▸ **EXERCISE DETAILS**:
The lines to copy run from the one containing "Men Wrist Watch" to the end of the listing. Please write them out exactly, minus the pictures.

(ENTRIES SHOWN)

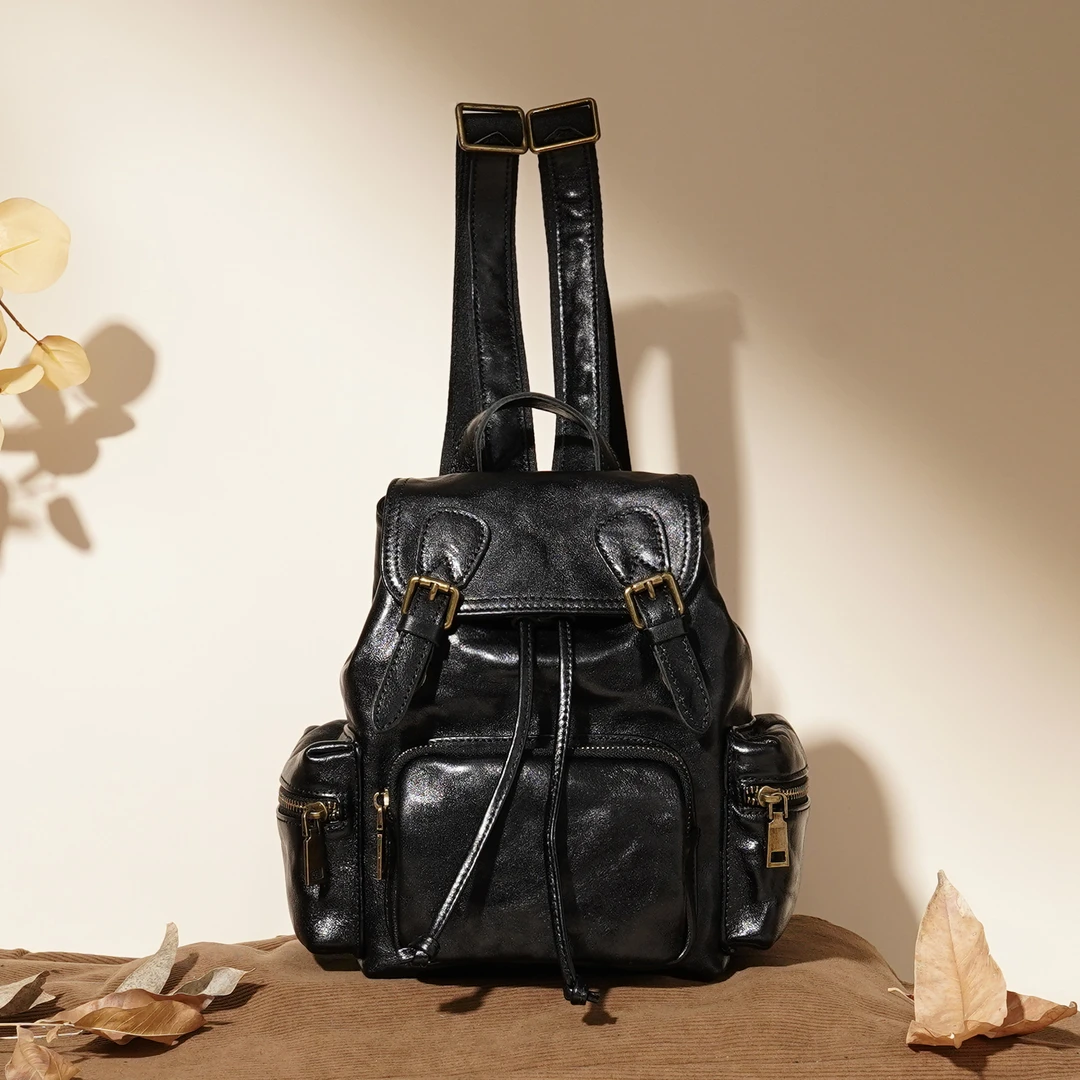 【大帅】手工时尚休闲百搭真皮双肩包5058H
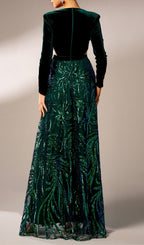Flowering Girl Women high slit sequin long sleeve maxi dress in green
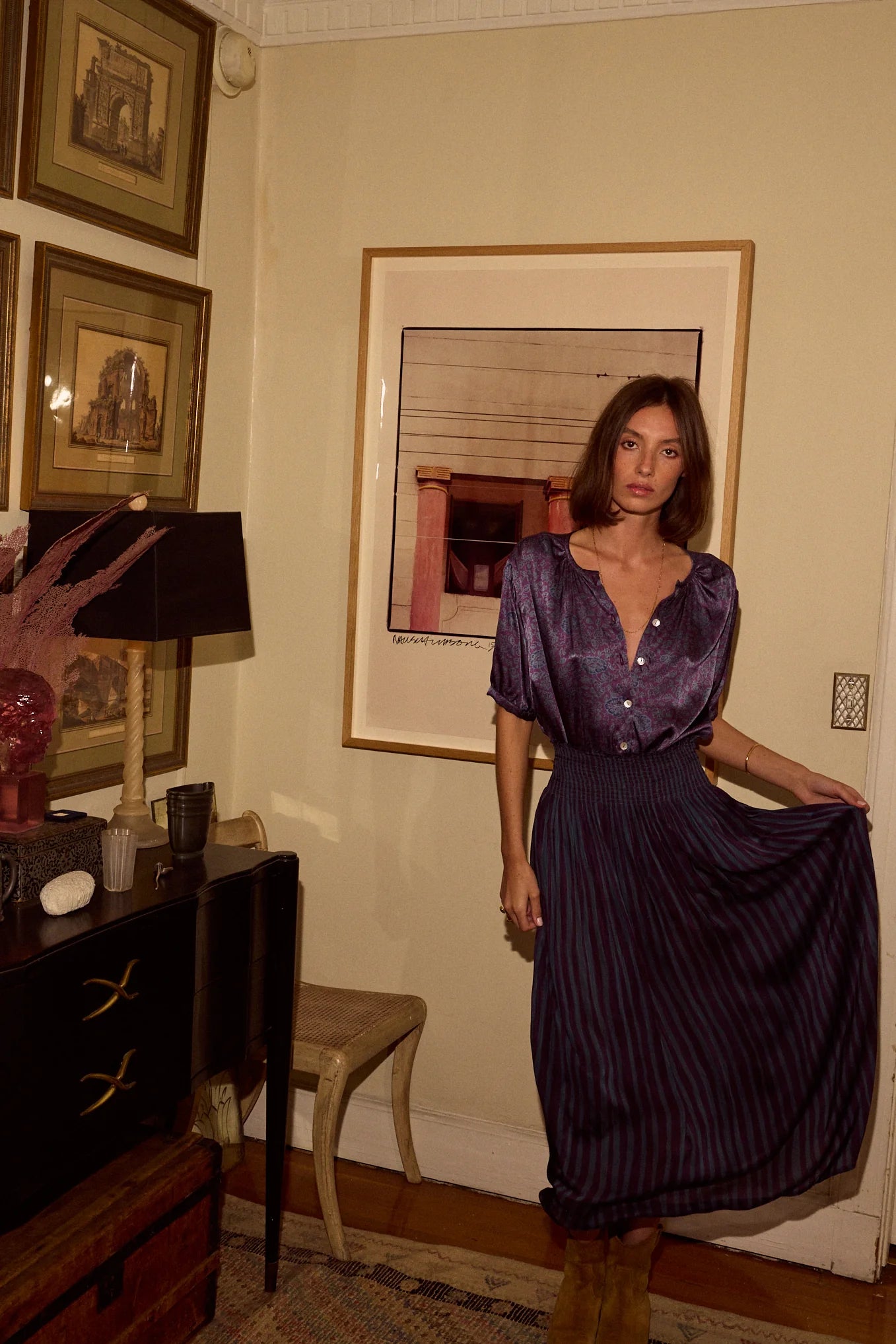 Natalie Martin Violet Top - Heritage Floral Amethyst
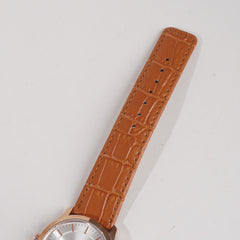 Men Wrist Watch Rosegold Dial With Orange Strap C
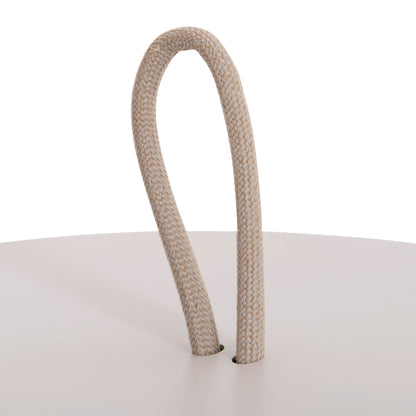 Outdoor Side Table Mino Hm6433.02 Aluminum White & Rope Beige Φ47x53hcm.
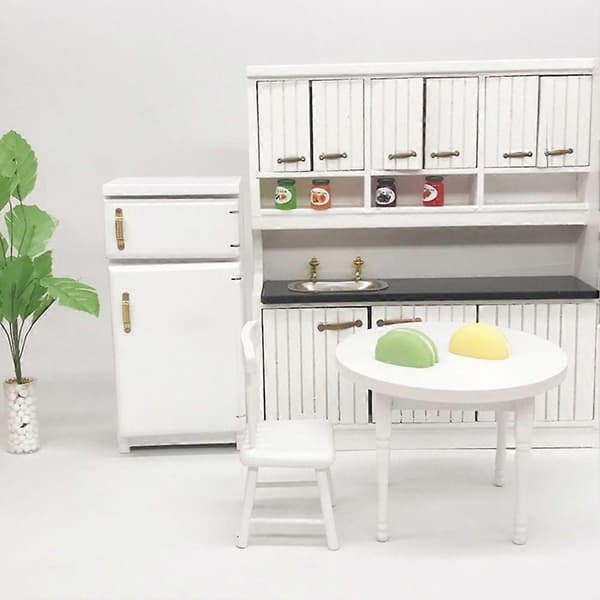 1:12 Mini Køleskab Træ Køkkentilbehør Miniature Møbelmodel
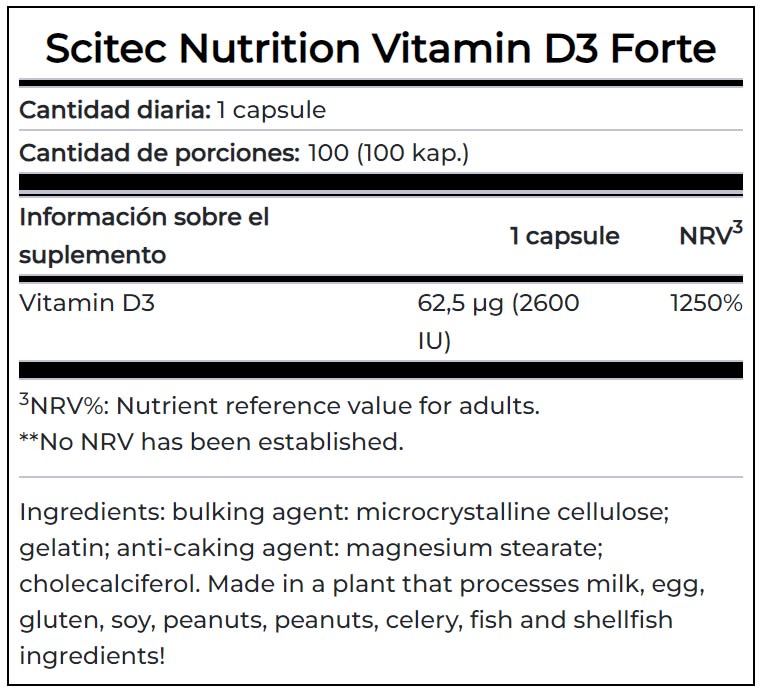 Vitamina D3 Forte 2600UI Scitec Nutrition 100 Capsulas. 2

(End ENTRIES SHOWN)

▸ **EXERCISE SOLUTION**:
 Men Wrist Watch Rosegold Dial With Orange Strap C
 Outdoor Side Table Mino Hm6433.02 Aluminum White & Rope Beige Φ47x53hcm.
 1:12 Mini Køleskab Træ Køkkentilbehør Miniature Møbelmodel
 Vitamina D3 Forte 2600UI Scitec Nutrition 100 Capsulas. 2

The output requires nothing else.